Love speaks louder
By Emma Ockerman
I've had this conversation 50 times already. I stand on my front porch as my hand just brushes the brass-plated door knob and I turn to speak to a new friend who waits to enter my abode.
It could be called a warning, even.
"Listen," I say gingerly, as if I'm telling them their cat has passed. "Before you come in my house, you should probably know about my brother..."
They nod. They have heard from others before, and their nonchalance allows me to believe that their entrance into my house will be the breakthrough of normalcy I've never had with a friendly introduction.
But then I open the door.
My 15-year-old brother Tristan tends to be a recluse from society in his room, but he always takes the chance to meet me by the door when a new friend is being introduced. One hundred and twenty pounds of ignorant joy in an adult diaper, he holds a red ribbon and a "sippy" that supplies his liquid diet. Tristan's bib is fashioned out of a bandana that gives him a slightly ridiculous cowboy affability.

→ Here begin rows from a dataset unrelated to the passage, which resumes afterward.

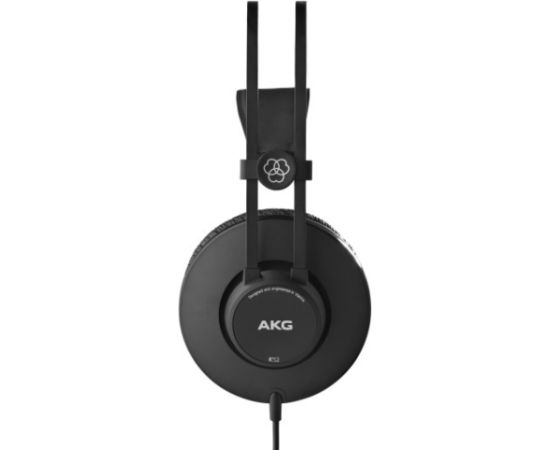AKG K52 - studio headphones, over-the-ear, closed Jaunumi - Audio-Video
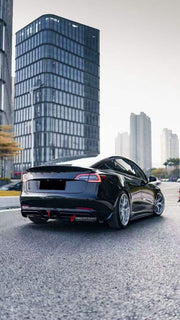 Buy Now BODY KIT FOR TESLA MODEL 3 2016+ V2 and upgrade car parts from SIR Tuning at the Best Price. Headlights, Tail lights, Bodykits, Navigations, body kit and more - Fast & Free Shipping within Europe, US & Worldwide.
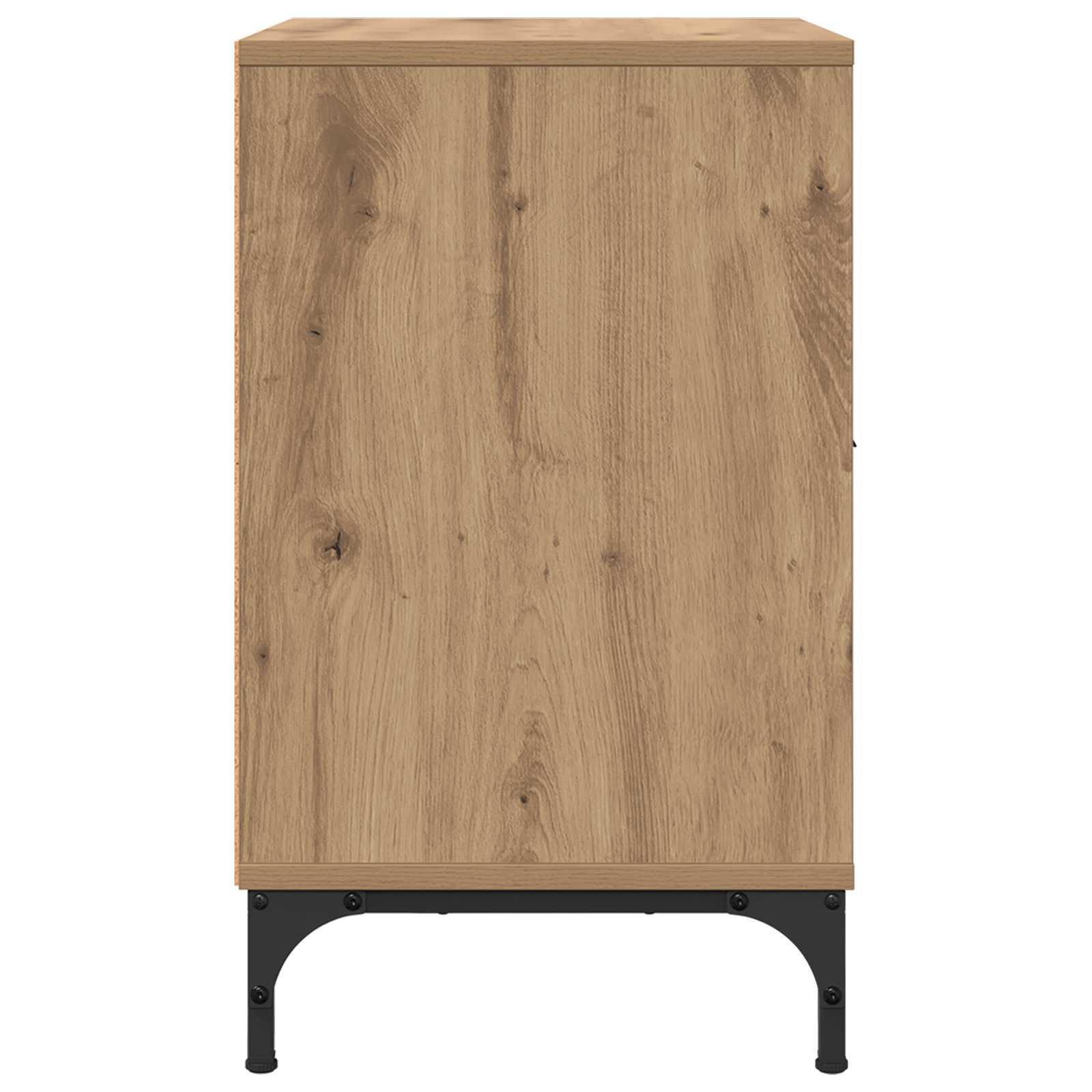 Nachttisch Artisan-Eiche 49 x 36 x 61 cm Holzwerkstoff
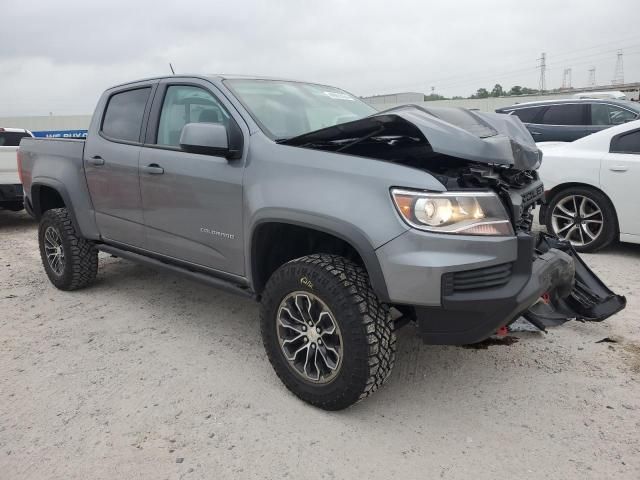 2022 Chevrolet Colorado ZR2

But he can't help it. I have never expected him to be anything but himself.
Tristan is severely autistic, but it doesn't really cross my mind until a new friend is standing beside me, their eyes shifting from my brother, to the floor, to me.
"What do I do?!" they silently plea and I would tell them if my brother wasn't already staggering towards them—hand outstretched, wet with drool.
"Hi there!" they say, falsely chipper. But Tristan is mute, so he drags them to whatever location in the house he sees fit at the time.
Tristan makes the rules to which everyone must follow.
He drags anyone who obliges to his small red cooler beside the kitchen sink, which holds his "sippies" containing a mixture of Ensure and Lactaid. Tristan coaxes them to open it and give him something to drink.
Anyone who has a heart, or essentially fears what he will do if they don't comply, plucks a "sippy" for Tristan and follows him to his room to enjoy The Little Mermaid on his monument of a television. It may not be polite on my brother's part, but he's not accustomed to his own company.
I am never looking at my brother at this point, but the house guest. My capacity to love a friend lies in their capacity to love my laughable, and maybe only in my eyes, adorable brother. My introductory speech doesn't lessen the shock in their eyes when they soak in Tristan's undeniably mentally challenged face.
But at this point, I have never had a friend deny the hand of my soon-to-be 16-year-old brother. To reject Tristan would not only be rejecting my friendship, but the friendship of a boy whose disorder has blessed him with the inability to hate anyone.
And they probably wouldn't want to face the wrath of me, his big sister, if they did.
Editor's note: About 16 or 17 years ago, I met Tristan and Emma in Michigan with their parents Jude and Steve. In addition to autism, Tristan has Langer-Giedion Syndrome, the same genetic deletion that my son Ben has. We had taken Ben to see a speech therapist in Michigan and had made contact with the Ockermans through a parent support group. All these years later, as Tristan turned 19, I heard from Steve. He told me about this story his daughter Emma wrote when she was in high school. She's now studying journalism at Ohio University. I particularly like the headline she chose.